### THE PROBLEM:
Below is a listing; print exactly its lines from the one containing "icon_transportation_leaf_origami icon preview" down to the one containing "Дененес (Denenes) Гель-шампунь", both inclusive, with every picture left out.
INPUT DATA section start
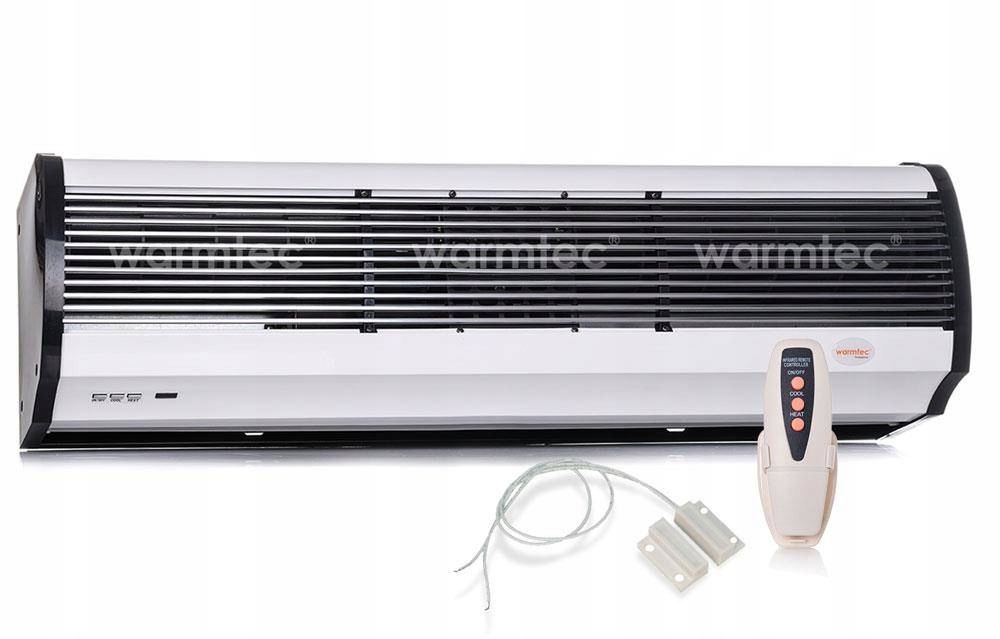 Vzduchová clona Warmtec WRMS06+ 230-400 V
INPUT DATA section end
INPUT DATA section start
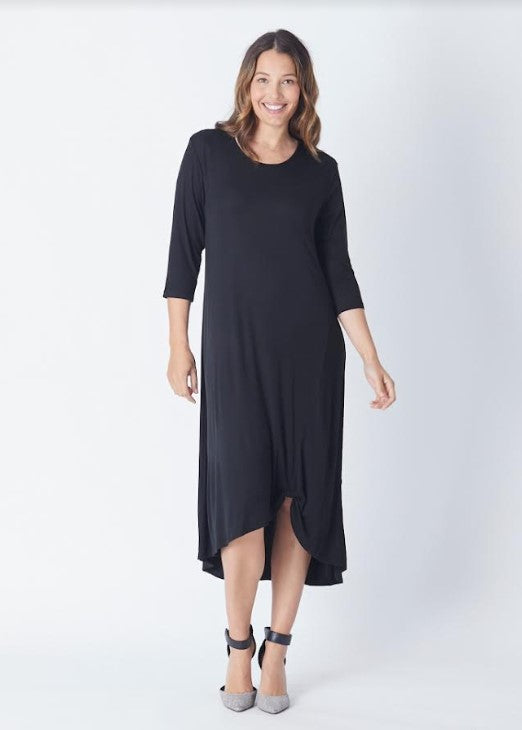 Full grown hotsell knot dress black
INPUT DATA section end
INPUT DATA section start
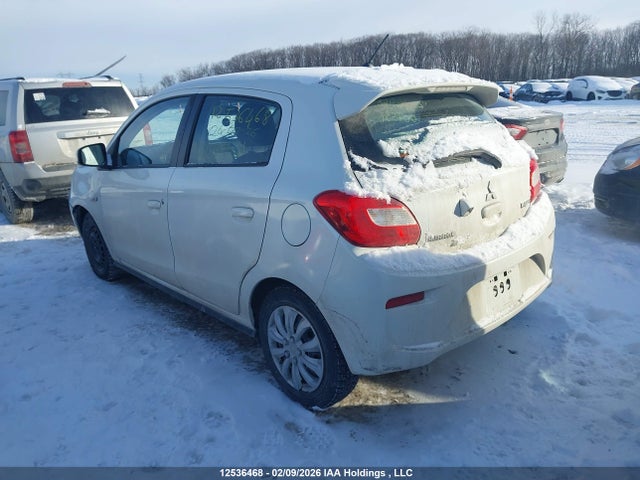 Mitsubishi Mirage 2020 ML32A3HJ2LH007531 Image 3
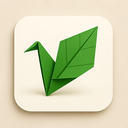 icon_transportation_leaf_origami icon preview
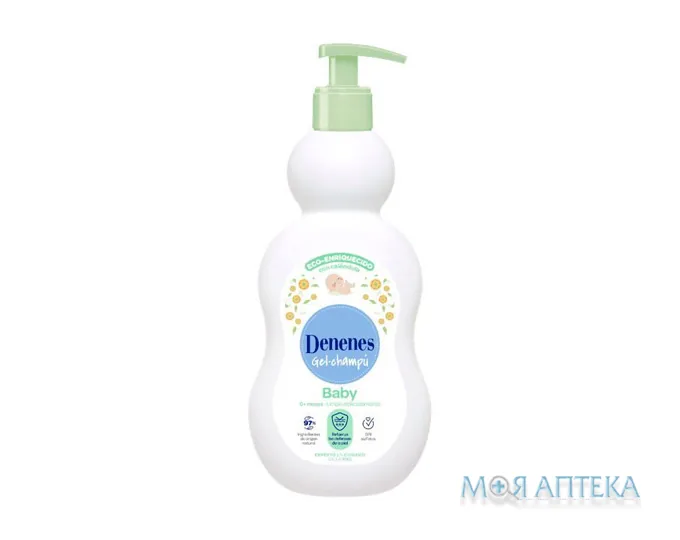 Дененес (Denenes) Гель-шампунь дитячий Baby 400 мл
INPUT DATA section end
### TASK RESULT:
 icon_transportation_leaf_origami icon preview
 Дененес (Denenes) Гель-шампунь дитячий Baby 400 мл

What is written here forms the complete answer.